§ EXERCISE AIM
Find the line with "2018 Chevrolet Traverse LT Cloth" in the records below, then please transcribe it and every later line exactly, omitting the pictures and adding nothing.

═══ STORED DATA ═══

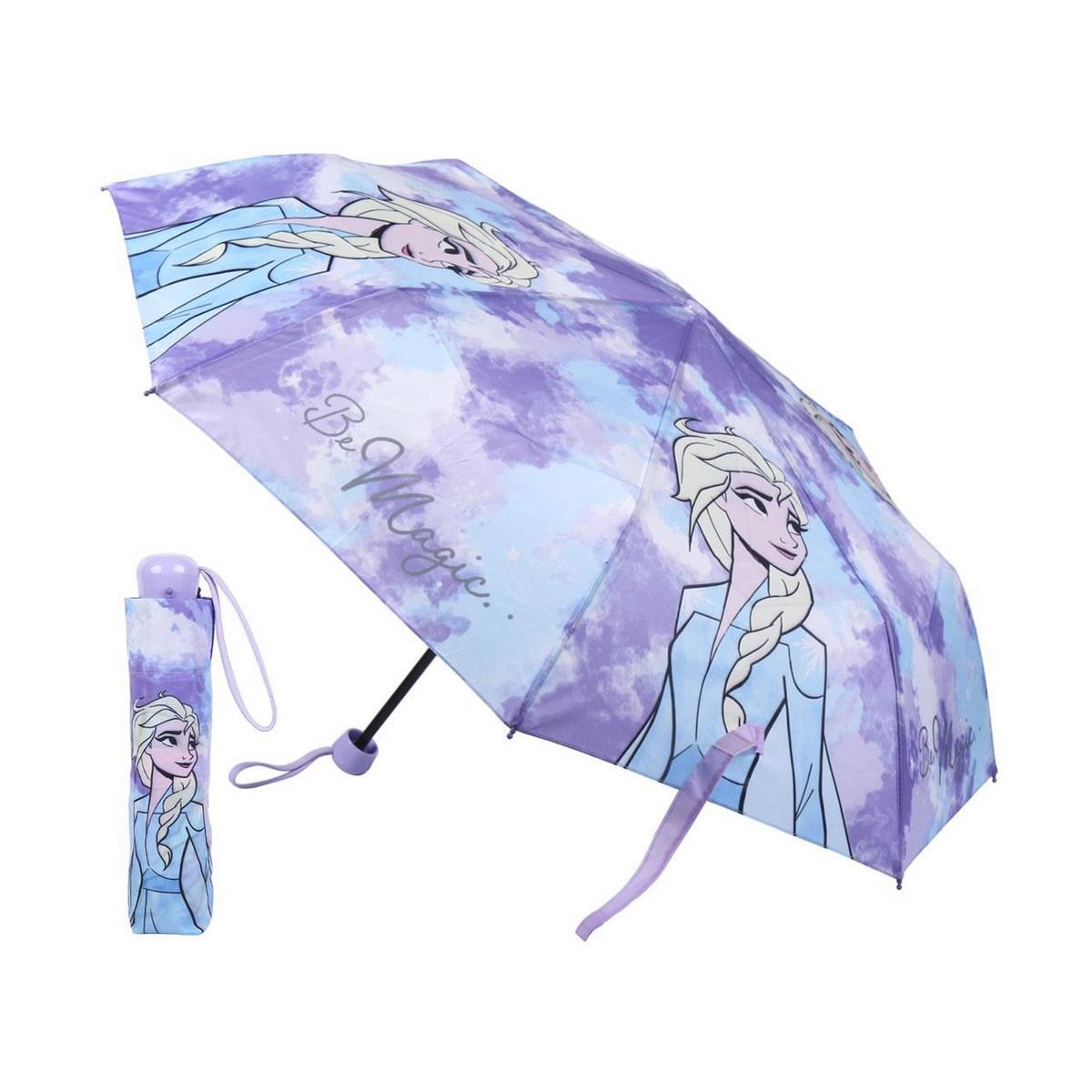 Foldbar Paraply Frozen Lilla (Ø 92 cm)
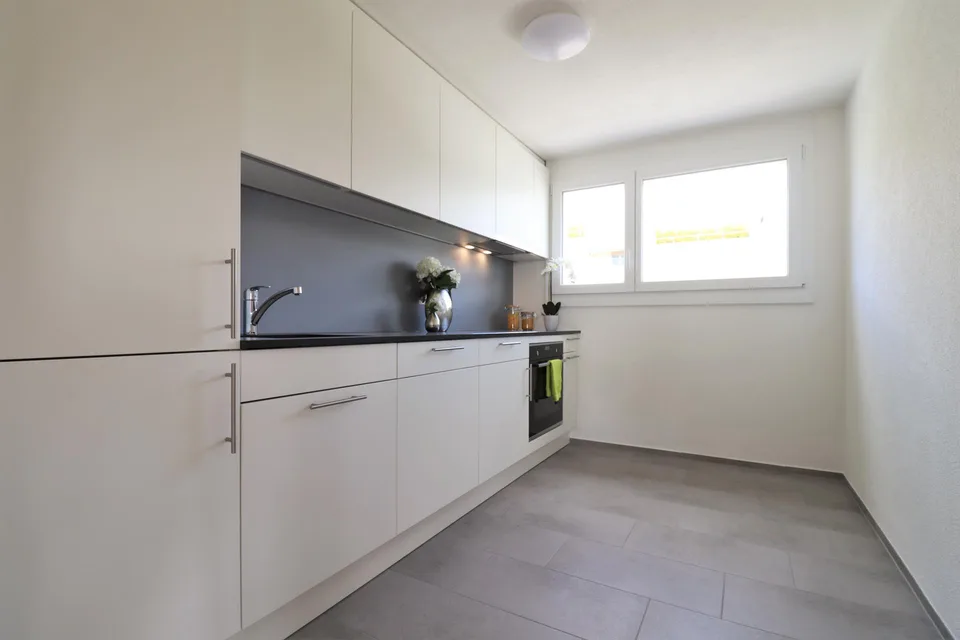 Modern wohnen an ruhiger Lage – 3.5-Zimmerwohnung in Bronschhofen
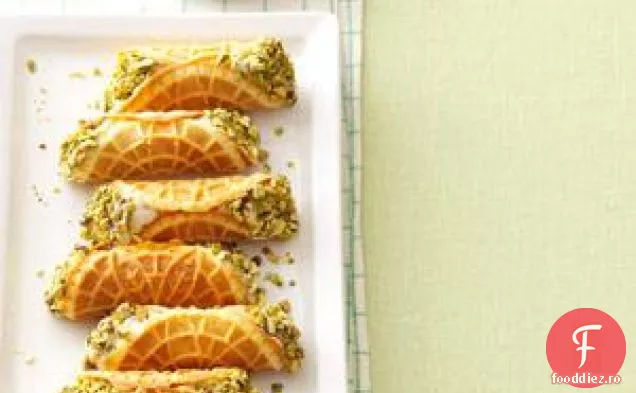 Cannoli de ciocolată
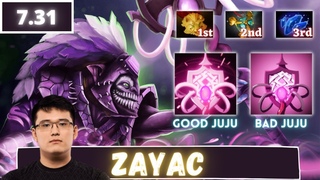 Zayac Dazzle Hard Support Gameplay Patch  - Dota 2 Full Match Gameplay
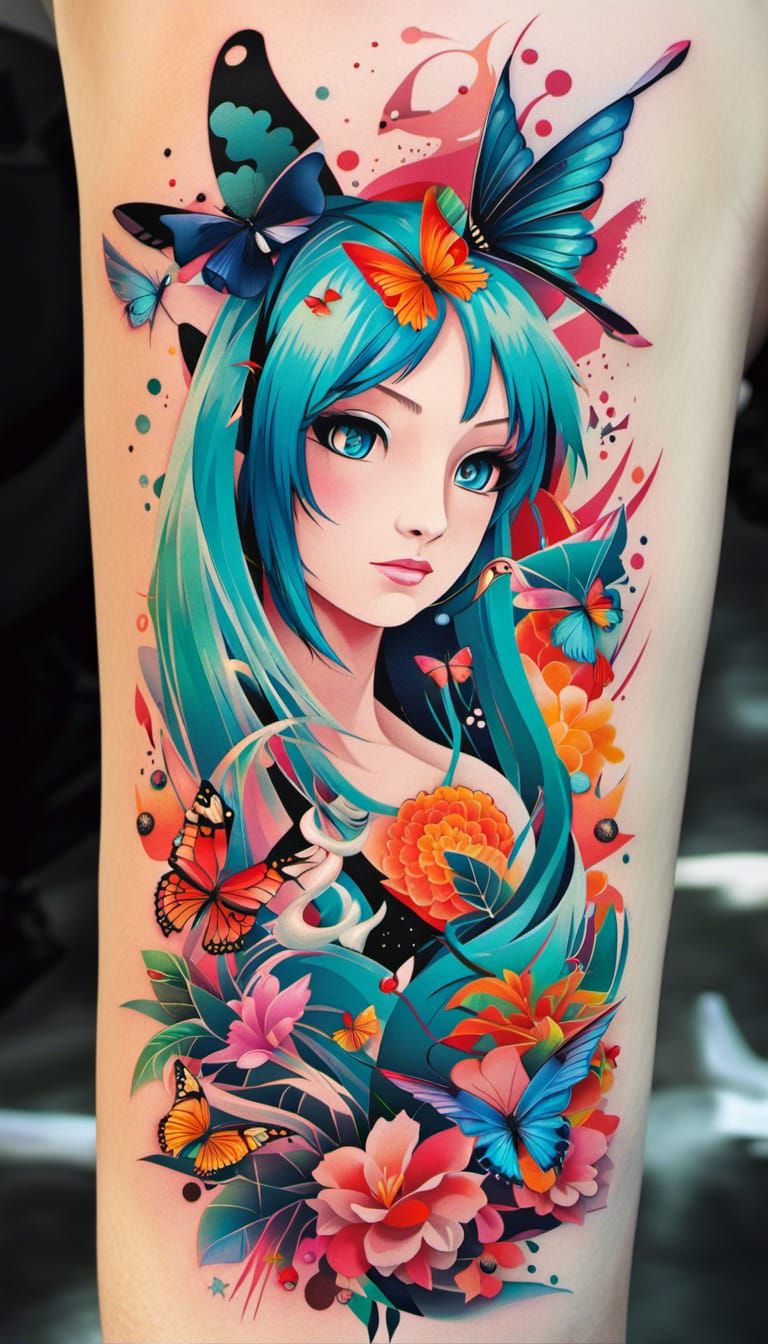 Miku Tattoo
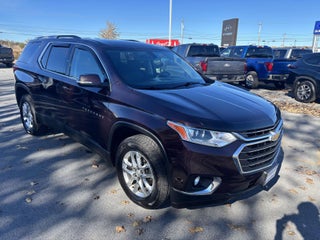 2018 Chevrolet Traverse LT Cloth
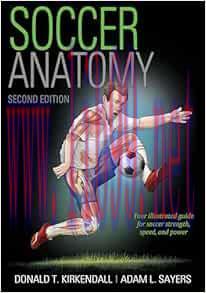 [AME]Soccer Anatomy - Donald T. Kirkendall, 2nd Edition (Original PDF)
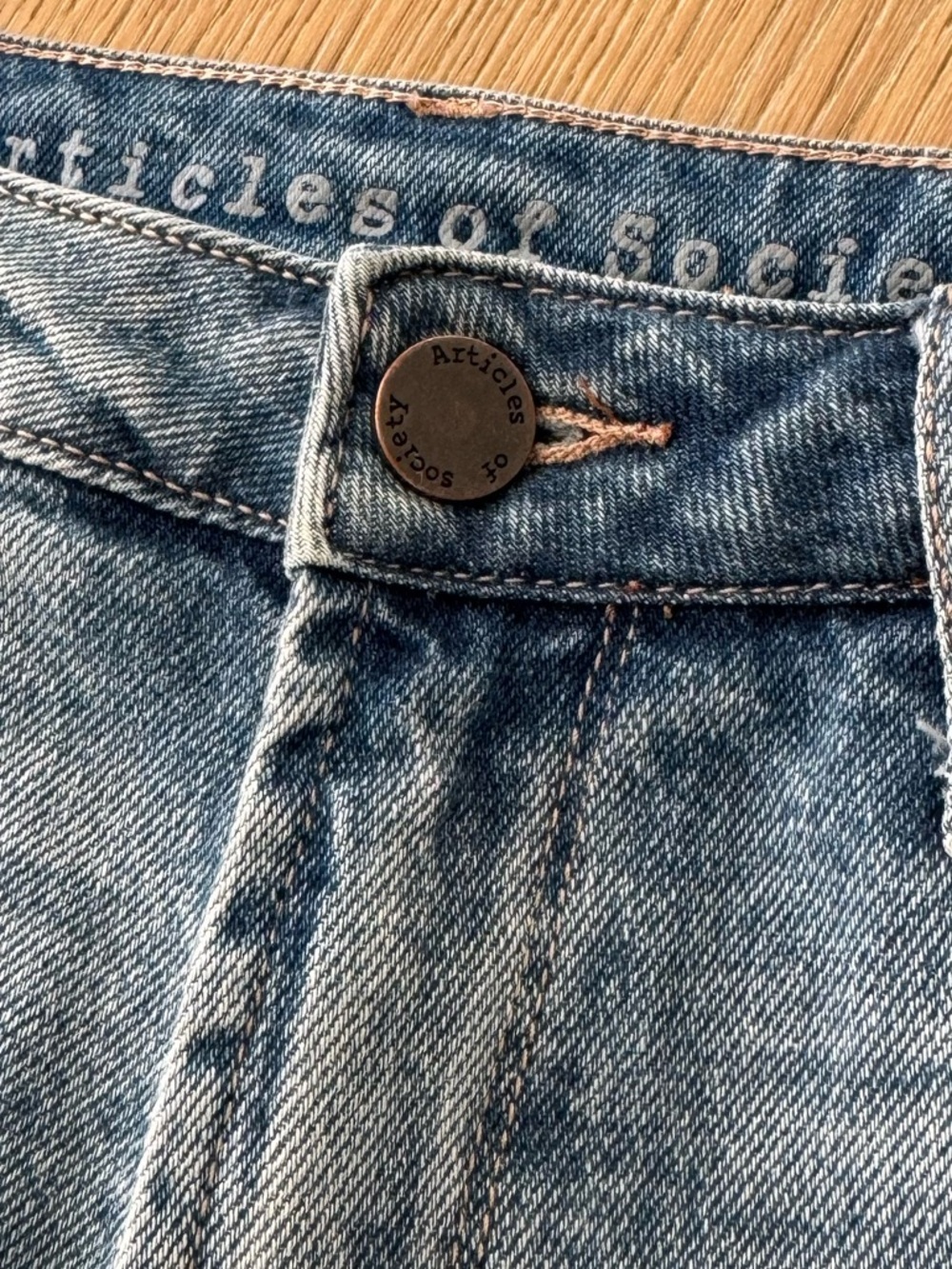 Articles of Society Straight Ankle Jeans Size 27 - Picture 6 of 8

═══

§ EXPECTED ANSWER
 2018 Chevrolet Traverse LT Cloth
 [AME]Soccer Anatomy - Donald T. Kirkendall, 2nd Edition (Original PDF)
 Articles of Society Straight Ankle Jeans Size 27 - Picture 6 of 8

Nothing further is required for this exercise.